▶ _Task objective_: Find the line that contains "ZARA Women's Black". Copy it and every line after it to the end of the material below, exactly, with no pictures.
★ ★ ★ ★
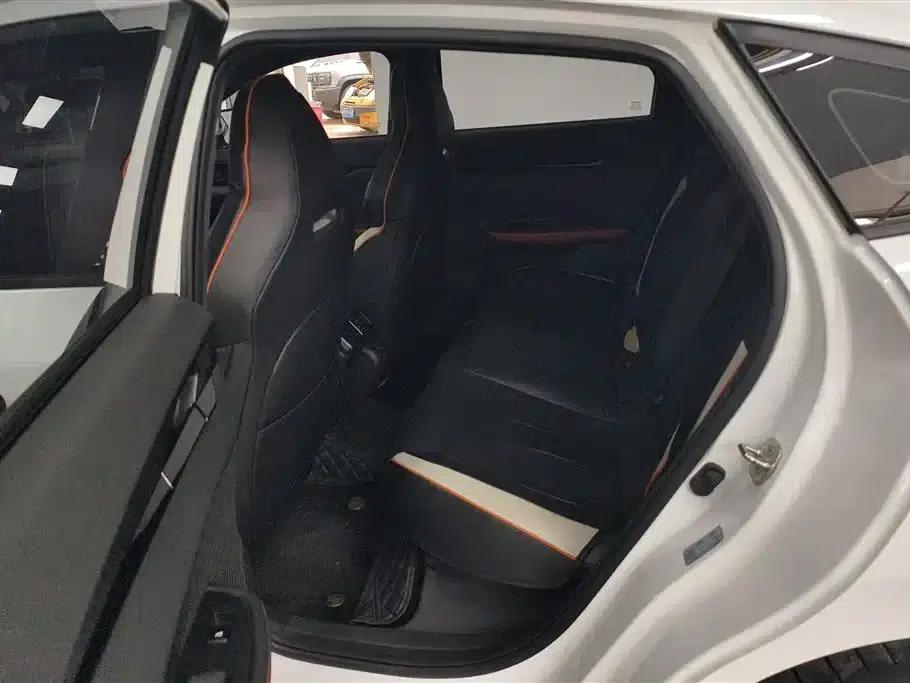 Changan UNI-V 2023 1.5T Premium Edition — миниатюра 11
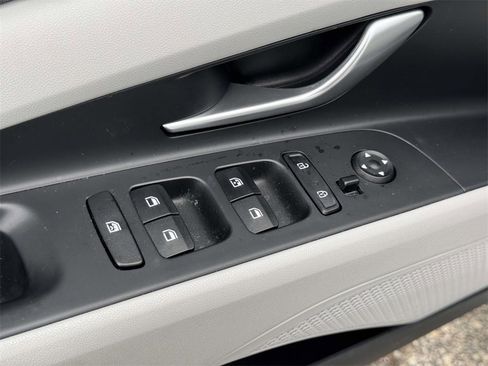 Used 2023 Hyundai Elantra Limited w/ Cargo Package image 15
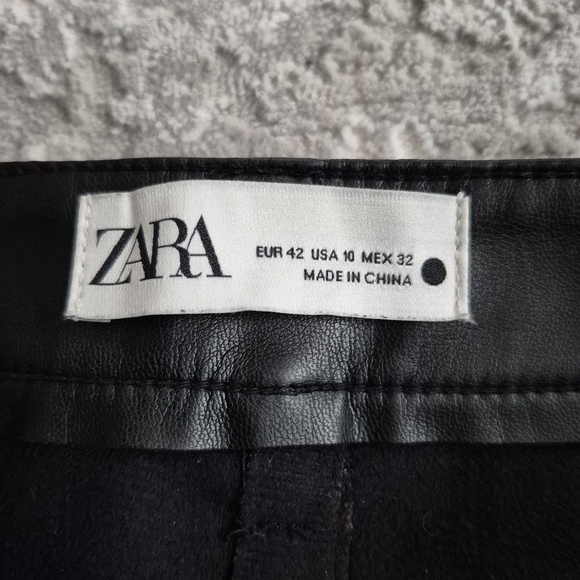 ZARA Women's Black Faux Leather Pants High Rise Straight Leg Style Size 10 - Picture 5 of 7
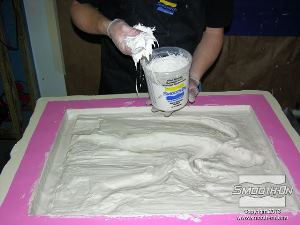 לחיצה להגדלת תמונה לאחר שמספיגים את סיבי הזכוכית בחומר, ניתן להתחיל בשיכוב ידני שלהם בשכבת גבס מחוזק duoMatrix® NEO הראשונה.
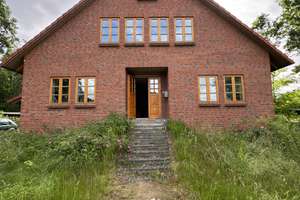 Charmantes Einfamilienhaus mit Potenzial in Eicklingen/Sandligen – Die vollständige Adresse der Immobilie erhältst du vom Anbieter., 29358 Eicklingen – Vorschaubild 1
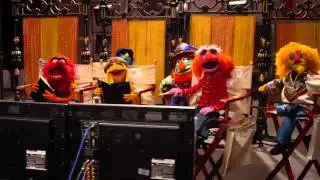 Es una secuela. "We're Doing a Sequel"  - Muppets,  latino HD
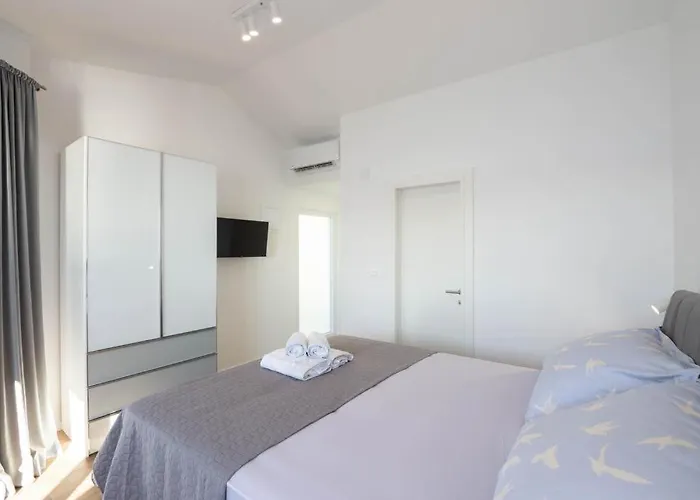 Marijo Villa Ražanj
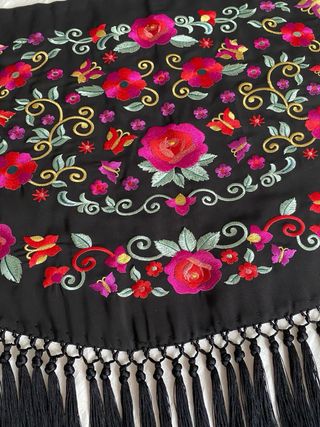 Mantoncillo Flamenco Bordado Flores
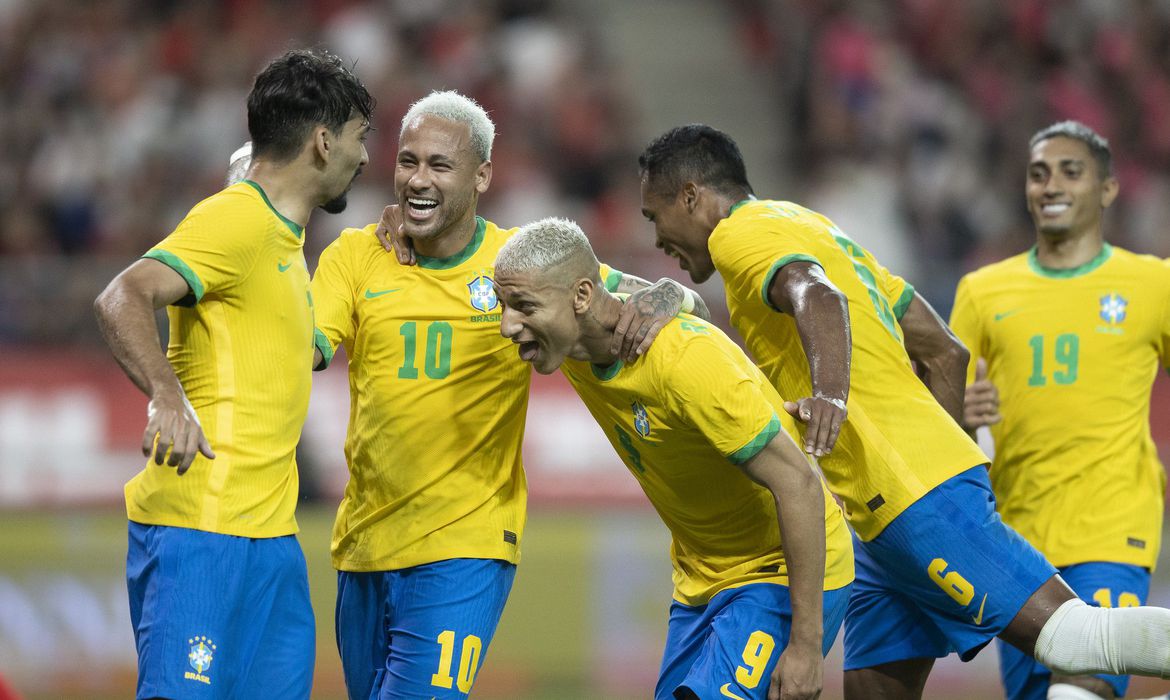 Hoje é dia de jogo do Brasil! A seleção enfrenta a Coréia do Sul às 16h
★ ★ ★ ★
▶ _Task solution_:
 ZARA Women's Black Faux Leather Pants High Rise Straight Leg Style Size 10 - Picture 5 of 7
 לחיצה להגדלת תמונה לאחר שמספיגים את סיבי הזכוכית בחומר, ניתן להתחיל בשיכוב ידני שלהם בשכבת גבס מחוזק duoMatrix® NEO הראשונה.
 Charmantes Einfamilienhaus mit Potenzial in Eicklingen/Sandligen – Die vollständige Adresse der Immobilie erhältst du vom Anbieter., 29358 Eicklingen – Vorschaubild 1
 Es una secuela. "We're Doing a Sequel"  - Muppets,  latino HD
 Marijo Villa Ražanj
 Mantoncillo Flamenco Bordado Flores
 Hoje é dia de jogo do Brasil! A seleção enfrenta a Coréia do Sul às 16h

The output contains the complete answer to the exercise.